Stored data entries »
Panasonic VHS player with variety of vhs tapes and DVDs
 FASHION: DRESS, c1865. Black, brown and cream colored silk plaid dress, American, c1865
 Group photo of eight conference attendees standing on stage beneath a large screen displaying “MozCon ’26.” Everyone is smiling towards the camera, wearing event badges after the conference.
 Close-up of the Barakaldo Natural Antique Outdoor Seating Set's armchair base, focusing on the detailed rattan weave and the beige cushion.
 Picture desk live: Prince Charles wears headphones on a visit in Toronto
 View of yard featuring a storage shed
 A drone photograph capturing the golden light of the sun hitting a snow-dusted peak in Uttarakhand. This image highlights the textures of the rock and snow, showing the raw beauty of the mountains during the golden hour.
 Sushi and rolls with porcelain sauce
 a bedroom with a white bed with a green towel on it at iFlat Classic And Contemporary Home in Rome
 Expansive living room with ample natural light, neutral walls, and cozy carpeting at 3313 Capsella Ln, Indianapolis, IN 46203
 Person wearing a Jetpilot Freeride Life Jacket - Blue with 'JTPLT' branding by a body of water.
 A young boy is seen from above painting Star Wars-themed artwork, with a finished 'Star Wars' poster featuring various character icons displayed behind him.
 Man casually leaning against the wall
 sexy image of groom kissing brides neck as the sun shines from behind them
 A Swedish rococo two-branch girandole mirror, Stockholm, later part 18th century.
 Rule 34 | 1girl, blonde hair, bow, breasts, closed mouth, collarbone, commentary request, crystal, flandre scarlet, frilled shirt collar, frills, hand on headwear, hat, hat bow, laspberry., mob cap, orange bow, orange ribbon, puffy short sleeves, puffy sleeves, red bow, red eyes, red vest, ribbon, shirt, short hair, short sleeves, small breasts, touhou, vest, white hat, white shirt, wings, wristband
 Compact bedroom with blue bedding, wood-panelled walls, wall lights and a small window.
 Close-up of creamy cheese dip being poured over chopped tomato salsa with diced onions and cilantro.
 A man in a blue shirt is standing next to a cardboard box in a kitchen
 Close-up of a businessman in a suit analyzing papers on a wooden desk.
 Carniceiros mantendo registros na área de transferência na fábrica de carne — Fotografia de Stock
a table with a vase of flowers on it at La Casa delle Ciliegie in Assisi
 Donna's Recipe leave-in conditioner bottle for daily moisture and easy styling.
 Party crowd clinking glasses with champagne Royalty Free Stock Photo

Your objective » Reproduce the whole of the records exactly, so that no line differs from the source above.

Response area »
Panasonic VHS player with variety of vhs tapes and DVDs
 FASHION: DRESS, c1865. Black, brown and cream colored silk plaid dress, American, c1865
 Group photo of eight conference attendees standing on stage beneath a large screen displaying “MozCon ’26.” Everyone is smiling towards the camera, wearing event badges after the conference.
 Close-up of the Barakaldo Natural Antique Outdoor Seating Set's armchair base, focusing on the detailed rattan weave and the beige cushion.
 Picture desk live: Prince Charles wears headphones on a visit in Toronto
 View of yard featuring a storage shed
 A drone photograph capturing the golden light of the sun hitting a snow-dusted peak in Uttarakhand. This image highlights the textures of the rock and snow, showing the raw beauty of the mountains during the golden hour.
 Sushi and rolls with porcelain sauce
 a bedroom with a white bed with a green towel on it at iFlat Classic And Contemporary Home in Rome
 Expansive living room with ample natural light, neutral walls, and cozy carpeting at 3313 Capsella Ln, Indianapolis, IN 46203
 Person wearing a Jetpilot Freeride Life Jacket - Blue with 'JTPLT' branding by a body of water.
 A young boy is seen from above painting Star Wars-themed artwork, with a finished 'Star Wars' poster featuring various character icons displayed behind him.
 Man casually leaning against the wall
 sexy image of groom kissing brides neck as the sun shines from behind them
 A Swedish rococo two-branch girandole mirror, Stockholm, later part 18th century.
 Rule 34 | 1girl, blonde hair, bow, breasts, closed mouth, collarbone, commentary request, crystal, flandre scarlet, frilled shirt collar, frills, hand on headwear, hat, hat bow, laspberry., mob cap, orange bow, orange ribbon, puffy short sleeves, puffy sleeves, red bow, red eyes, red vest, ribbon, shirt, short hair, short sleeves, small breasts, touhou, vest, white hat, white shirt, wings, wristband
 Compact bedroom with blue bedding, wood-panelled walls, wall lights and a small window.
 Close-up of creamy cheese dip being poured over chopped tomato salsa with diced onions and cilantro.
 A man in a blue shirt is standing next to a cardboard box in a kitchen
 Close-up of a businessman in a suit analyzing papers on a wooden desk.
 Carniceiros mantendo registros na área de transferência na fábrica de carne — Fotografia de Stock
a table with a vase of flowers on it at La Casa delle Ciliegie in Assisi
 Donna's Recipe leave-in conditioner bottle for daily moisture and easy styling.
 Party crowd clinking glasses with champagne Royalty Free Stock Photo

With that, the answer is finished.